Depuis l’exposition à thème "En marge" de 2001, Graver Maintenant, accepte explicitement dans le règlement de ses expositions, outre les techniques traditionnelles de l’estampe, les techniques contemporaines. Parmi celles-ci, les techniques numériques bouleversent les cadres conceptuels et pratiques de l’estampe. Leur usage suscite alors interrogations et débats. Peut-on encore parler d’estampe avec les "nouvelles images" qu’elles produisent ?
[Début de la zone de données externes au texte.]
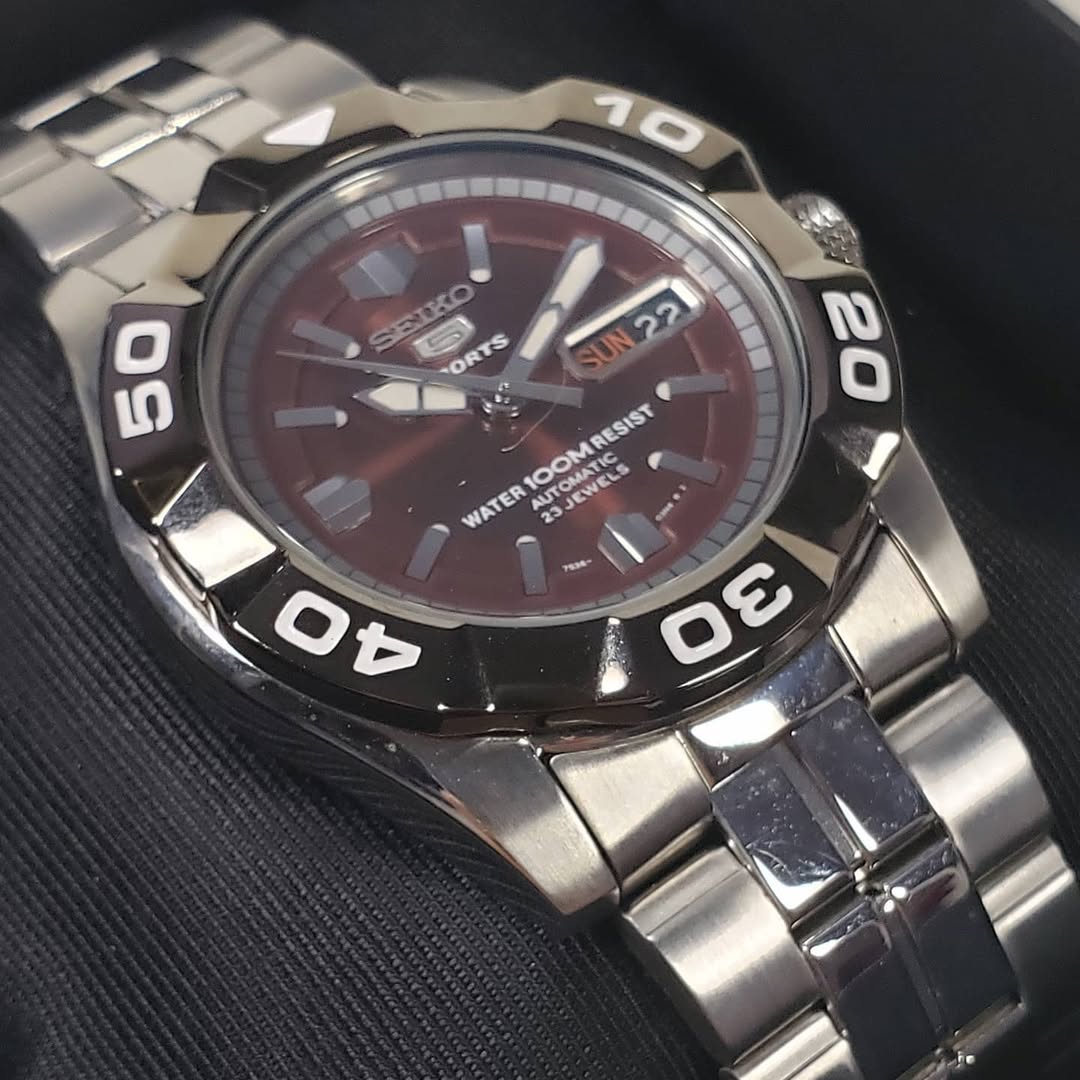Seiko 5 Sports SNZE49 9356 - Imagen 4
L’art de l’estampe, au cours de sa longue histoire, a été confronté à de telles mutations technologiques. Cet art s’en est toujours enrichi. En est-il de même avec les techniques numériques ? Ce forum a donc pour but d’ouvrir ce débat et de confronter les points de vue.

 Art digital

par Jacqueline Fischer

La discussion que vous avez ouverte sur les estampes numériques m’intéresse beaucoup.
Je vous dirai d’abord mon expérience.

Je suis venue à cet art par hasard, puisque je suis essentiellement artiste textile. J’utilise pour faire mes "cartons" des moyens classiques papier et crayon tout simplement, mais j’ai très vite intégré les logiciels graphiques à mon travail, pour des raisons pratiques (travaillant pour des revues je dois fournir des schémas techniques "normés").
Et puis je me suis amusée à travailler et retravailler mes dessins les passant d’un logiciel à l’autre, testant tous les effets et les possibilités qui me venaient à l’esprit, utilisant aussi mes dessins et photos comme pointe de pinceaux, ou fonds.. et plus j’avançais, plus je me rendais compte que c’était proche de ce que je nomme (pardonnez si c’est pompeux) mes "visions intérieures". J’ai détruit plus de réalisations que je n’en ai gardé, m’imposant de ne jamais céder à la facilité de l’effet en deux clics qu’on va retrouver partout, je n’ai gardé que ce qui pour moi offrait signification, écho ou correspondance.
D’un usage voué au hasard, je suis passée progressivement à quelque chose de plus maîtrisé.
Bien sûr par derrière, il y avait aussi le désir de transformer ensuite en ouvrage textile, parce que c’est mon métier actuel. J’ai travaillé un peu avec un groupe anglais spécialisé dans ce type d’adaptation et j’ai beaucoup appris (mais beaucoup moins qu’il ne me reste encore à apprendre, je l’espère).
et puis il y avait tous ces dessins qui restaient inadaptables ou qui en tant que tels me paraissaient avoir un intérêt qu’on va dire esthétique pour faire simple. je les ai montrés autour de moi à des personnes qui pratiquant des arts traditionnels n’étaient pas sujettes à complaisance. Certaines m’ont conseillé de creuser, et de retravailler, ce que j’ai fait.
Ce qui me gênait, à considérer mes productions comme étant des oeuvres d’art, c’était à la fois la relative rapidité avec laquelle elles sont produites (l’art textile est infiniment plus chronophage d’où on infère que le temps qu’on passe donne valeur à ce qu’on produit, ce qui reste éminemment discutable), d’autre part le fait de travailler avec des effets qui n’impliquaient pas directement le geste (quoique dessiner avec une souris d’ordinateur ne soit pas si facile), en fait le travail est autre et peut requérir parfois beaucoup d’essais, d’expérimentations, de tests avant d’arriver à ce qu’on souhaite. Comme dans beaucoup d’autres arts il y a une part d’instinct (que je ne confonds pas avec le hasard des effets automatiques ) et d’étude, de pratique.
En 2007, j’ai montré quelques résultats sur la galerie d’art virtuelle Arts-up, et j’ai eu la joie d’être au départ d’une nouvelle section pour "estampeurs" numériques qui accueille beaucoup plus professionnel que moi en l’occurrence.
Ce fut l’occasion de réfléchir à ce qu’était l’estampe numérique et d’essayer de la définir.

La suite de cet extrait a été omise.